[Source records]
---+---
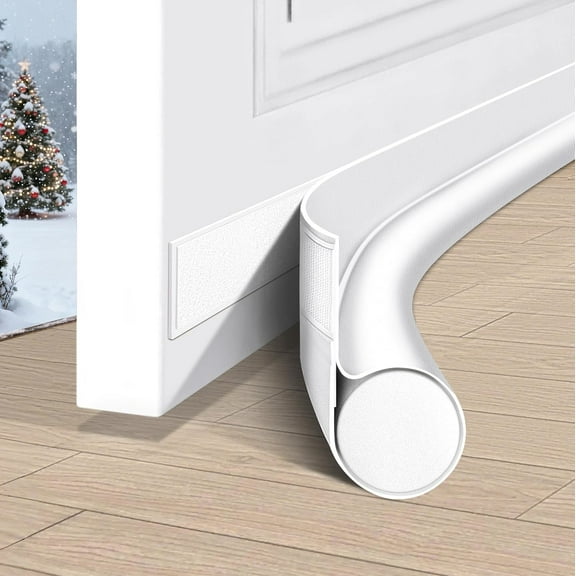 Fortjoy Under Door Draft Stopper Weather Stripping Door Seal Door Sweep Reduce Cold Air Front Soundproof Draft Blocker for Bottom of Door Suitable for Interior/Exterior,White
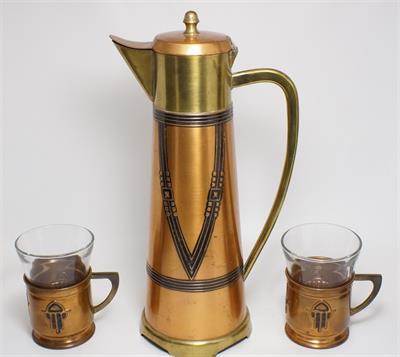 Geometrická secese nápojová souprava Gebrüder BING Německo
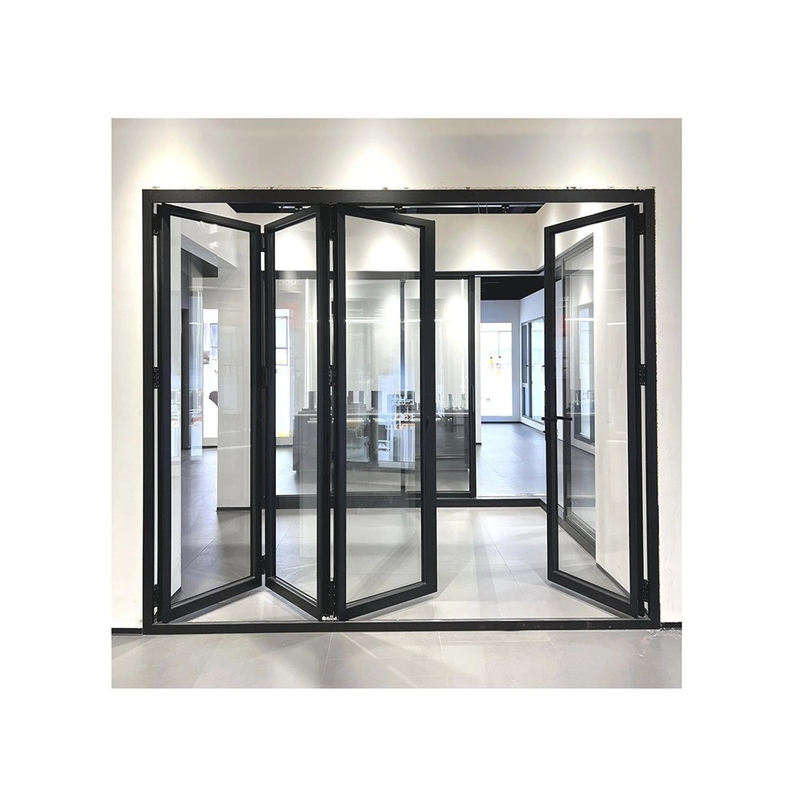Portas duplas de liga de alumínio estilo moderno e personalizado com atualização de vidro triplex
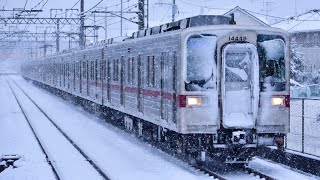 【東武東上線】雪景色の中を走る10030型11644F+11448F 快速小川町行き 4115列車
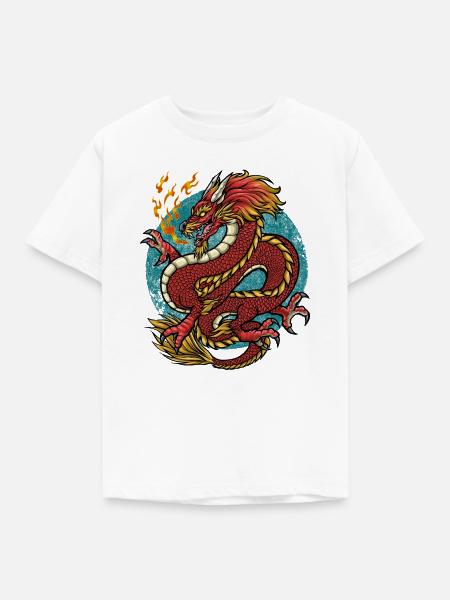 Drache Feuerdrache - Kinder T-Shirt - Weiß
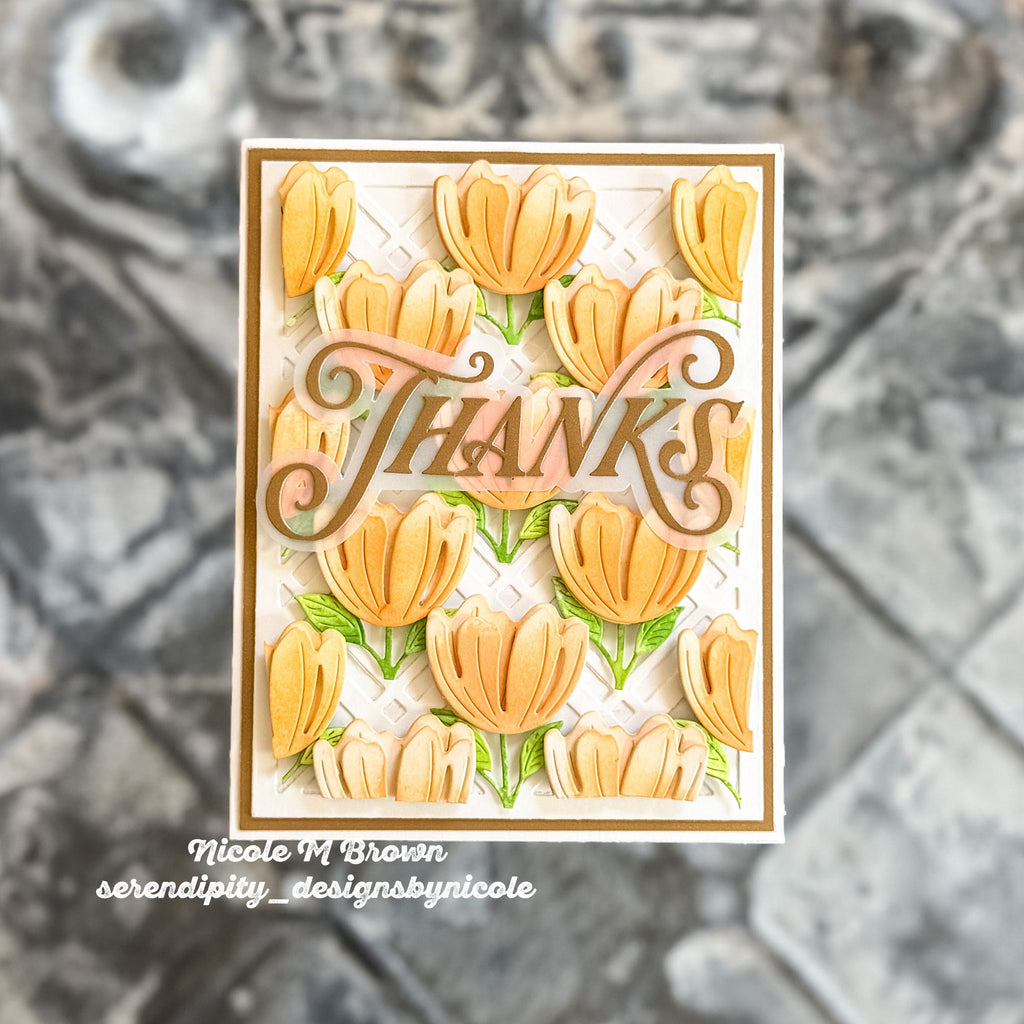 Simon Says Stamp Opulent Thanks Wafer Dies 1664sd Every Happiness Nicole Brown Yellow Floral Card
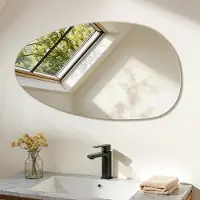 S'AFIELINA Wandspiegel asymmetrisch 85×50 cm ohne Rahmen Deckospiegel Badspiegel für Wohnzimmer, Badezimmer und Schlafzimmer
---+---
**What the exercise asks**
Beginning with the line that contains "Simon Says Stamp" and ending with the last line of the data above, output those lines exactly and nothing more, without any pictures.

**Answer space**
 Simon Says Stamp Opulent Thanks Wafer Dies 1664sd Every Happiness Nicole Brown Yellow Floral Card
 S'AFIELINA Wandspiegel asymmetrisch 85×50 cm ohne Rahmen Deckospiegel Badspiegel für Wohnzimmer, Badezimmer und Schlafzimmer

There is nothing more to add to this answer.